4. The agent follows the playbook in `SKILL.md` and produces a ready-to-merge commit.
### Key constraints
- Never upgrade `transformers`.
- Start `vllm serve` from `/workspace` (direct command, port 8000).
- Dummy-only evidence is not sufficient — real-weight validation is mandatory.
- Final delivery is exactly one signed commit in the current repo.
### Two-stage validation
- **Stage A (dummy)**: fast architecture / operator / API path check with `--load-format dummy`.
- **Stage B (real)**: real-weight loading, fp8/quant path, KV sharding, runtime stability.

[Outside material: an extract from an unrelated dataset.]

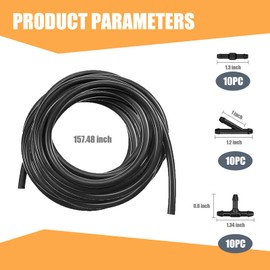 dawfall Car Windshield Washer Hose Kit, Includes 13Ft Rubber Washer Hose with 30 PCS Vehicle Hose Connectors, Universal Automotive Windshield Wash Accessories, Suitable for Cars Trucks SUVs (Black)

Both stages require request-level verification (`/v1/models` + at least one chat request),
not just startup success.
## vLLM Ascend main2main Skill
Migrate changes from the main vLLM repository to the vLLM Ascend repository, ensuring compatibility and performance optimizations for Ascend NPUs.
### What it does
This skill facilitates the process of:
1. Identifying changes in the main vLLM repository.
2. Applying necessary modifications for Ascend support.

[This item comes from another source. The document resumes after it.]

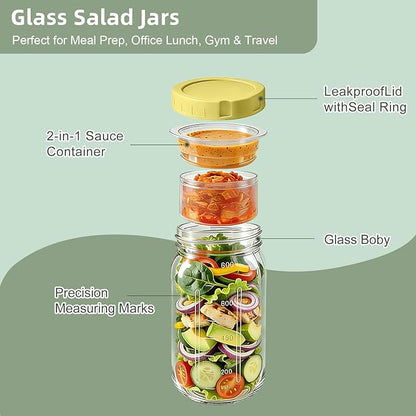 6 Pack Glass Salad Jars with Dressing Cups for Meal Prep, 32oz Leakproof Mason Jars Container with 2 Built-in Compartments for Wet/Dry Separation, Portable Salad Pod for Lunch (6)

3. Validating the changes in an Ascend environment.
4. Delivering a ready-to-merge commit with optimized code and configurations.
### Quick start
1. Open a conversation with the AI agent inside the vllm-ascend dev container.
2. Invoke the skill (e.g. `/main2main`).
3. The agent follows the playbook and produces a ready-to-merge commit.
## vLLM Ascend Release Note Writer Skill
You just need to say: `Please help me write a 0.13.0 release note based on commits from v0.11.0 and releases/v0.13.0`
### What it does
This skill guides you through a structured workflow to:
1. Fetch commits between two versions using the provided script.
2. Analyze and categorize each commit in a CSV workspace.
3. Draft highlights and write polished release notes.
4. Generate release notes organized by category (Features, Hardware Support, Performance, Dependencies, etc.).
### File layout
| File | Purpose |
| ---- | ------- |
| `SKILL.md` | Skill definition, workflow, and writing guidelines |
| `references/ref-past-release-notes-highlight.md` | Style and category reference for release notes |
| `scripts/fetch_commits-optimize.py` | Script to fetch commits between versions |
### Quick start
1. Open a conversation with the AI agent.
2. Invoke the skill (e.g. `/vllm-ascend-release-note-writer`).
3. Follow the workflow steps:
- Fetch commits between versions
- Analyze commits in CSV format
- Draft and edit highlights
4. Output files are saved to `vllm-ascend-release-note/output/$version`
### Key guidelines
- Use one-level headings (###) for sections in a specific order: Highlights, Features, Hardware and Operator Support, Performance, Dependencies, Deprecation & Breaking Changes, Documentation, Others.
- Focus on user-facing impact and include context for practical usage.
- Verify details by checking linked PRs (use GitHub API for descriptions if needed).
- Keep notes concise and avoid unnecessary technical details.